■ Excerpts from a dataset

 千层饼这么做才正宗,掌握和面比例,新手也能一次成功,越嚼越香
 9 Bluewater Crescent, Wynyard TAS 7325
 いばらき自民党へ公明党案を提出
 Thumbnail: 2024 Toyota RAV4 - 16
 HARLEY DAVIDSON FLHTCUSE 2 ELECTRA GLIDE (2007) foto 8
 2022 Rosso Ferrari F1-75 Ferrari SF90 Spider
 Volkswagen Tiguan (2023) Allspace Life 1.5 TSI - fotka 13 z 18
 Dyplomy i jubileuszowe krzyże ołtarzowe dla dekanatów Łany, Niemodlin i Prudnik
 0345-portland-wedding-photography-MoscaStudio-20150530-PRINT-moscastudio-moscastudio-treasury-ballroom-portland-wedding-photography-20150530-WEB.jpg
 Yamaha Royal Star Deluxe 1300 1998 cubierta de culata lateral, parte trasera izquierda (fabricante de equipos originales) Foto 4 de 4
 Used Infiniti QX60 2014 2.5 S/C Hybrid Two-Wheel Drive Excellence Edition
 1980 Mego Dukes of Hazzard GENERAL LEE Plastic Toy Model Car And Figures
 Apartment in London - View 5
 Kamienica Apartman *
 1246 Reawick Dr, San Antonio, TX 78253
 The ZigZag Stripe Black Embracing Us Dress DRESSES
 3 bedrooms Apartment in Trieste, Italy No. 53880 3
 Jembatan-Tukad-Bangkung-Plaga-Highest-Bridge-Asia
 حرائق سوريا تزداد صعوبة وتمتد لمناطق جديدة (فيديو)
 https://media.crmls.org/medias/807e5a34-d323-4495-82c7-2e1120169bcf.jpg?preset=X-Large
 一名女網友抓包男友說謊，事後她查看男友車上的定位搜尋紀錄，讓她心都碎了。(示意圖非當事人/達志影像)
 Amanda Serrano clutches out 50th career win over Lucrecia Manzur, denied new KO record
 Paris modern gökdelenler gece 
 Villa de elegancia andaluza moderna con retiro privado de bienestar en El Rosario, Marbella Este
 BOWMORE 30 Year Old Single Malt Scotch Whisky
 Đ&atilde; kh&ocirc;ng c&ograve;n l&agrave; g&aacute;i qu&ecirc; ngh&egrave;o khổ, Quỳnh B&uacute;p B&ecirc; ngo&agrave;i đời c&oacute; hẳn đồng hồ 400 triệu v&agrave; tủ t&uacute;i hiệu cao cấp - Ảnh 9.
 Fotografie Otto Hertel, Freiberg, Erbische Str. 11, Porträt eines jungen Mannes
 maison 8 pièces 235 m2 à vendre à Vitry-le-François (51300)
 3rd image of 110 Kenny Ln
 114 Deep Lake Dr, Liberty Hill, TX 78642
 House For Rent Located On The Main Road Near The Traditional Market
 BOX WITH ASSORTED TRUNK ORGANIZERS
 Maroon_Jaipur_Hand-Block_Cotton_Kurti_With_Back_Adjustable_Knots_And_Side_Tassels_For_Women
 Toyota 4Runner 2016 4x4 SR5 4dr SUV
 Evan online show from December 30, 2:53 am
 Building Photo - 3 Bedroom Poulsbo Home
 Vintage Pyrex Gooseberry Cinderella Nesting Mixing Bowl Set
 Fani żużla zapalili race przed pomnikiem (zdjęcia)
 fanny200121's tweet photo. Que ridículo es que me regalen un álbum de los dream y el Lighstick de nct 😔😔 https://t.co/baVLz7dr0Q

■ Exercise brief
None of the records may be omitted or altered when they are given again.

■ Response
 千层饼这么做才正宗,掌握和面比例,新手也能一次成功,越嚼越香
 9 Bluewater Crescent, Wynyard TAS 7325
 いばらき自民党へ公明党案を提出
 Thumbnail: 2024 Toyota RAV4 - 16
 HARLEY DAVIDSON FLHTCUSE 2 ELECTRA GLIDE (2007) foto 8
 2022 Rosso Ferrari F1-75 Ferrari SF90 Spider
 Volkswagen Tiguan (2023) Allspace Life 1.5 TSI - fotka 13 z 18
 Dyplomy i jubileuszowe krzyże ołtarzowe dla dekanatów Łany, Niemodlin i Prudnik
 0345-portland-wedding-photography-MoscaStudio-20150530-PRINT-moscastudio-moscastudio-treasury-ballroom-portland-wedding-photography-20150530-WEB.jpg
 Yamaha Royal Star Deluxe 1300 1998 cubierta de culata lateral, parte trasera izquierda (fabricante de equipos originales) Foto 4 de 4
 Used Infiniti QX60 2014 2.5 S/C Hybrid Two-Wheel Drive Excellence Edition
 1980 Mego Dukes of Hazzard GENERAL LEE Plastic Toy Model Car And Figures
 Apartment in London - View 5
 Kamienica Apartman *
 1246 Reawick Dr, San Antonio, TX 78253
 The ZigZag Stripe Black Embracing Us Dress DRESSES
 3 bedrooms Apartment in Trieste, Italy No. 53880 3
 Jembatan-Tukad-Bangkung-Plaga-Highest-Bridge-Asia
 حرائق سوريا تزداد صعوبة وتمتد لمناطق جديدة (فيديو)
 https://media.crmls.org/medias/807e5a34-d323-4495-82c7-2e1120169bcf.jpg?preset=X-Large
 一名女網友抓包男友說謊，事後她查看男友車上的定位搜尋紀錄，讓她心都碎了。(示意圖非當事人/達志影像)
 Amanda Serrano clutches out 50th career win over Lucrecia Manzur, denied new KO record
 Paris modern gökdelenler gece 
 Villa de elegancia andaluza moderna con retiro privado de bienestar en El Rosario, Marbella Este
 BOWMORE 30 Year Old Single Malt Scotch Whisky
 Đ&atilde; kh&ocirc;ng c&ograve;n l&agrave; g&aacute;i qu&ecirc; ngh&egrave;o khổ, Quỳnh B&uacute;p B&ecirc; ngo&agrave;i đời c&oacute; hẳn đồng hồ 400 triệu v&agrave; tủ t&uacute;i hiệu cao cấp - Ảnh 9.
 Fotografie Otto Hertel, Freiberg, Erbische Str. 11, Porträt eines jungen Mannes
 maison 8 pièces 235 m2 à vendre à Vitry-le-François (51300)
 3rd image of 110 Kenny Ln
 114 Deep Lake Dr, Liberty Hill, TX 78642
 House For Rent Located On The Main Road Near The Traditional Market
 BOX WITH ASSORTED TRUNK ORGANIZERS
 Maroon_Jaipur_Hand-Block_Cotton_Kurti_With_Back_Adjustable_Knots_And_Side_Tassels_For_Women
 Toyota 4Runner 2016 4x4 SR5 4dr SUV
 Evan online show from December 30, 2:53 am
 Building Photo - 3 Bedroom Poulsbo Home
 Vintage Pyrex Gooseberry Cinderella Nesting Mixing Bowl Set
 Fani żużla zapalili race przed pomnikiem (zdjęcia)
 fanny200121's tweet photo. Que ridículo es que me regalen un álbum de los dream y el Lighstick de nct 😔😔 https://t.co/baVLz7dr0Q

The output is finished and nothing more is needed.